*** Opening Data provided ***
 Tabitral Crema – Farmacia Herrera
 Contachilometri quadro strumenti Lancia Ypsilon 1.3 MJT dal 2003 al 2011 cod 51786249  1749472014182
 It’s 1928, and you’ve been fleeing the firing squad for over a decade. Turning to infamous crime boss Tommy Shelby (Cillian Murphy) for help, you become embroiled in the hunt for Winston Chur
*** Closing Data provided ***
*** Opening Data provided ***
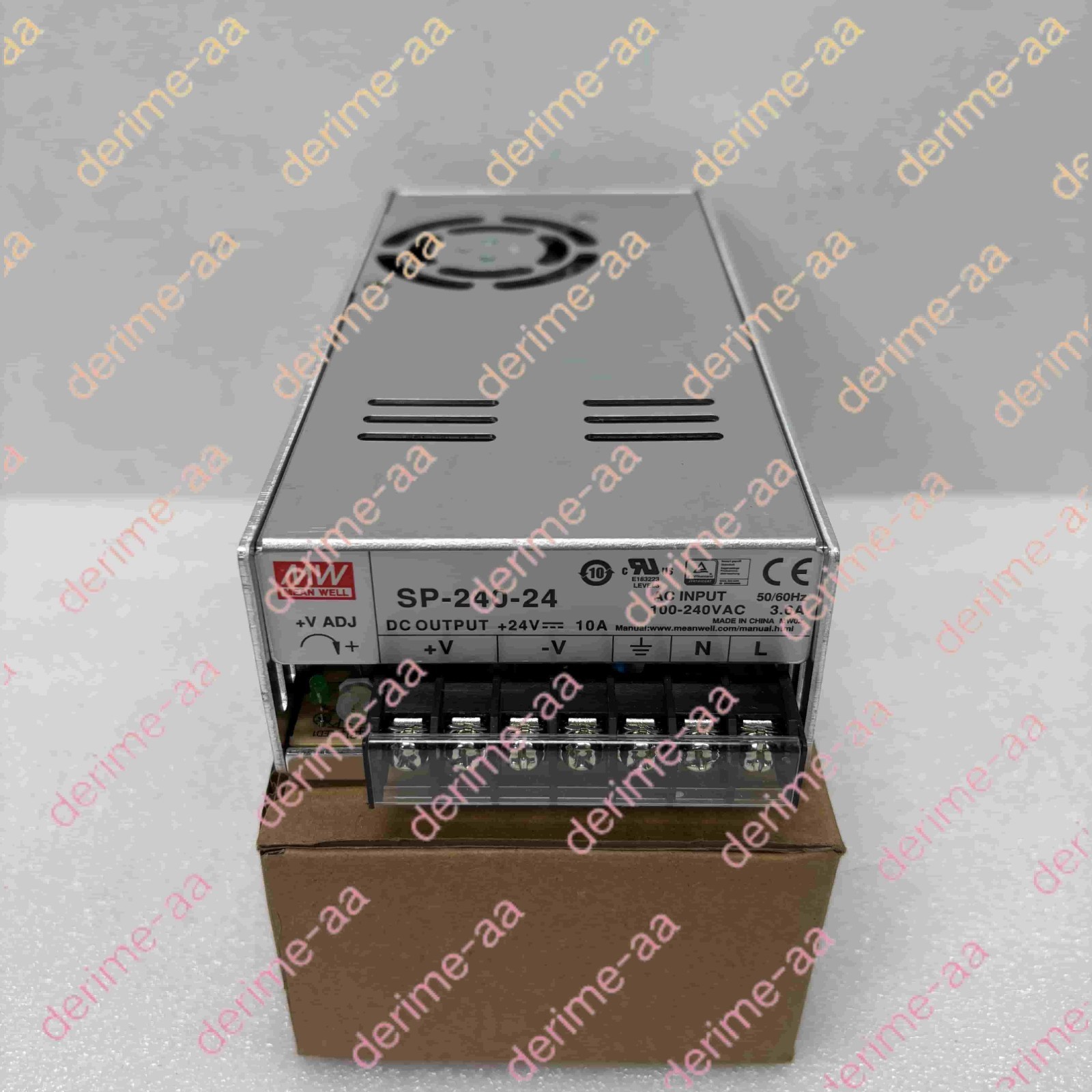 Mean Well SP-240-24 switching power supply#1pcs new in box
*** Closing Data provided ***
*** Opening Data provided ***
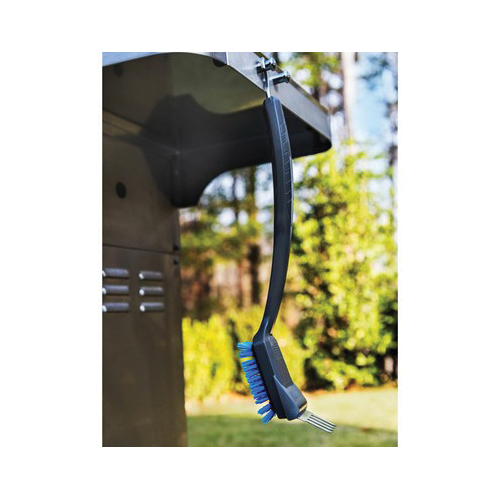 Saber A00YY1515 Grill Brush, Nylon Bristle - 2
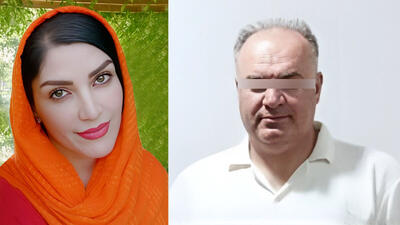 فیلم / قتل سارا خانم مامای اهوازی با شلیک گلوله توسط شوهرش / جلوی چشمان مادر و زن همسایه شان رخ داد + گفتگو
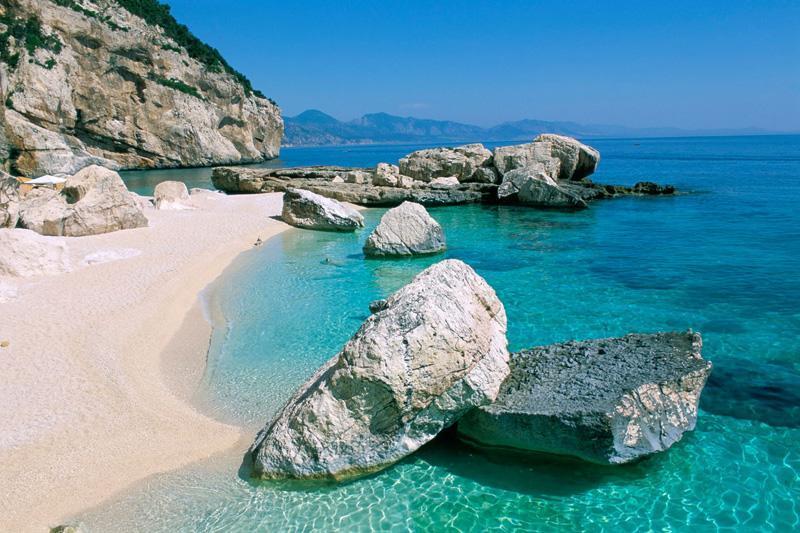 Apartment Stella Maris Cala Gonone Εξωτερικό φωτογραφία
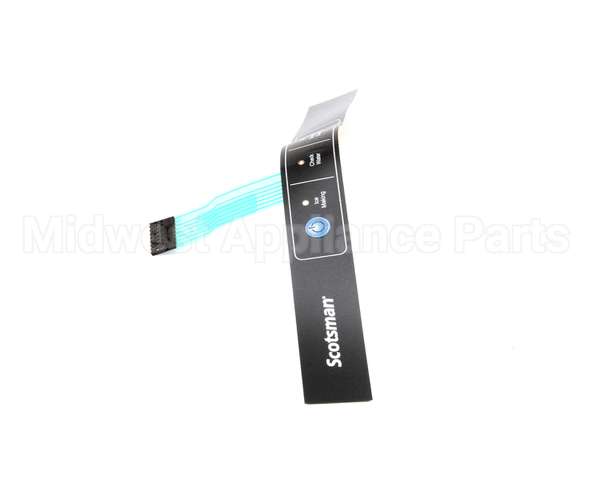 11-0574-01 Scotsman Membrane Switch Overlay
*** Closing Data provided ***
### Problem description
Everything above from the line with "فیلم / قتل سارا" through the line with "11-0574-01 Scotsman Membrane Switch Overlay" should be retyped exactly, and nothing else; omit pictures.

### Solution to this task
 فیلم / قتل سارا خانم مامای اهوازی با شلیک گلوله توسط شوهرش / جلوی چشمان مادر و زن همسایه شان رخ داد + گفتگو
 Apartment Stella Maris Cala Gonone Εξωτερικό φωτογραφία
 11-0574-01 Scotsman Membrane Switch Overlay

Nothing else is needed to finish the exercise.